Billetterie

L’écroulement du credo

Credo

Comme un rêve, le texte de Credo demande à être interprété. Fait de mots, d’images, d’émois, il devient parfois cauchemar. Échappé de l’inconscient, il garde sa part de mystère, d’ombre et de poésie. Il mêle le vrai et le faux, la réalité interne et la réalité externe : « Ensuite, je te raconterai toutes sortes d’histoires fausses et vraies, sans que tu puisses démêler le mensonge de la vérité. » À la manière d’un rêve, c’est un texte fragmenté autant dans les phrases, dans les lieux que dans les temporalités; et, surtout, il existe bien au-delà de tout ce qu’on pourrait en dire.

 

Ce texte, ce sont les paroles d’une femme à un homme. Cette femme existe par les mots : elle se souvient, revit la douleur, fantasme la torture, veut tuer et fait tout s’écrouler par le pouvoir des mots.
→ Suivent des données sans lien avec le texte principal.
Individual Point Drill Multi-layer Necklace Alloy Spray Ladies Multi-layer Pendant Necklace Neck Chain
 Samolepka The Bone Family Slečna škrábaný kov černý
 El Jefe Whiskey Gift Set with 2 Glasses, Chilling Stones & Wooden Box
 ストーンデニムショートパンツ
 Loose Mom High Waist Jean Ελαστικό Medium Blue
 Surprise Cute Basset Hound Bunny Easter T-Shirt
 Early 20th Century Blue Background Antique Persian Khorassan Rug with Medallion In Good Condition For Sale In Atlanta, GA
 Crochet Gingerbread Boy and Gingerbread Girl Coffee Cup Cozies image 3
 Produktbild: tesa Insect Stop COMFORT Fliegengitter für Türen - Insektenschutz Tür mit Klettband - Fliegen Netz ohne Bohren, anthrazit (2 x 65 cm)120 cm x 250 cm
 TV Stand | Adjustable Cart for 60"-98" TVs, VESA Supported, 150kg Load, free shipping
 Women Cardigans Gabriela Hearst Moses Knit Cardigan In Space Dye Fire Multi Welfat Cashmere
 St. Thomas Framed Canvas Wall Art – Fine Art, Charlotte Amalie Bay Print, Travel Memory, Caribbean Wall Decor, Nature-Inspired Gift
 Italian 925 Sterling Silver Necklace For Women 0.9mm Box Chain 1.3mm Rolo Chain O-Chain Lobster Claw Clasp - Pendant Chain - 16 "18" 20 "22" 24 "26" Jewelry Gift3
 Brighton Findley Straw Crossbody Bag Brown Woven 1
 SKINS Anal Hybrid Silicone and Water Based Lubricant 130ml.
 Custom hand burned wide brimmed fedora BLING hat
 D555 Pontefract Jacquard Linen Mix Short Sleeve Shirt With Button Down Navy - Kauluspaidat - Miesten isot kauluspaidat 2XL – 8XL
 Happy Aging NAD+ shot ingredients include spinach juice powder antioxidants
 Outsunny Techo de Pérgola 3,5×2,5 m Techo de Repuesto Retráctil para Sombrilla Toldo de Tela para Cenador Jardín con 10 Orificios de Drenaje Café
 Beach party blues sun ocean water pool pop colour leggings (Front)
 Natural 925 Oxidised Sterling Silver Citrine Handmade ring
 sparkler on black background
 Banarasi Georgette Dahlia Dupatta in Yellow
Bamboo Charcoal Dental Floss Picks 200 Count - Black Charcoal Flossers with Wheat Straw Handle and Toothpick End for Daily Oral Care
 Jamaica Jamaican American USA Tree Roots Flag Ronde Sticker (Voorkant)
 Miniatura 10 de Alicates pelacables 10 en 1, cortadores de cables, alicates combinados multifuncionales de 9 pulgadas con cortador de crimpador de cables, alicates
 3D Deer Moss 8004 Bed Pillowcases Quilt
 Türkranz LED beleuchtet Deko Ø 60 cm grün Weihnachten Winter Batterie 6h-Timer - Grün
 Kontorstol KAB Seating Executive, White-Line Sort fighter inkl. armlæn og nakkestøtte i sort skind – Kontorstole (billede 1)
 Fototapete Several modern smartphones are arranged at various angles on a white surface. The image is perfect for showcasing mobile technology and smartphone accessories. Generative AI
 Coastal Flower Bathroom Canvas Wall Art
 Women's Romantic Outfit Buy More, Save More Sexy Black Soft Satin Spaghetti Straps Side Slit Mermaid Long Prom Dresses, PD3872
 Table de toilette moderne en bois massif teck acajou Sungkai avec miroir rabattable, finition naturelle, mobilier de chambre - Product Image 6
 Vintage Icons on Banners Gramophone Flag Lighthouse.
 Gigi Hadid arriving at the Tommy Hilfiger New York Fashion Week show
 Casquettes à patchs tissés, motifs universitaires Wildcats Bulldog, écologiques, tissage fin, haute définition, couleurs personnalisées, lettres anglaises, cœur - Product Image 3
L’enfance lui revient par bribes, selon des voies associatives, à travers des scènes tantôt froides, tantôt pleines d’horreur. Des scènes que ne nourrit aucun amour. Puisqu’il lui était interdit de commencer une phrase par « je », les frontières entre le « je » et le « tu » ont été mal définies. Elle se perçoit, ce soir, dans la patience de la haine, comme un amas de ferraille, une carcasse mue par un immense désir sexuel, une machine à tuer.

 

Elle parle, elle boit, elle attend cet homme. Elle le nourrit, lui sert à boire. Il est, comme elle, construit de bric et de broc : « Et j’ai vu ce que tu étais : un oreiller, une chaise, un manteau, une sacoche, un bol, un dictionnaire usé, une armoire de bricolage, un journal. » Il représente pour elle ce métal tordu qui tapisse son âme. Il condense l’interdit et le désir, la solitude et la quête, la douleur. Il est l’objet du mépris. Objet de toutes les croyances, il est ce credo dont elle doit se défaire violemment. Elle sait pourtant que ce meurtre — mais comment le tuera-t-elle? — sera « une manière de suicide ».

 

Texte dense qu’aucune lecture ne saurait épuiser. Comme une spirale, la parole repasse et repart mêlant les sens, fracturant les scènes et les personnages, conduisant l’interprétation dans des lieux jamais clos. S’agit-il de la métaphore d’une lente et douloureuse libération accomplie dans une cure où la parole seule permet l’appropriation de soi et la survie psychique? S’agit-il d’un délire qui enferme la folie dans un labyrinthe refermé sur soi? Ou encore d’un homme qui donne à voir la femme blessée qu’il porte au creux de sa déchirure? Quelle résonance intime ce texte aura-t-il en chacun de nous?

 

À travers ces mots, cette femme trouvera-t-elle, à la fin, le silence qu’elle associe à la beauté?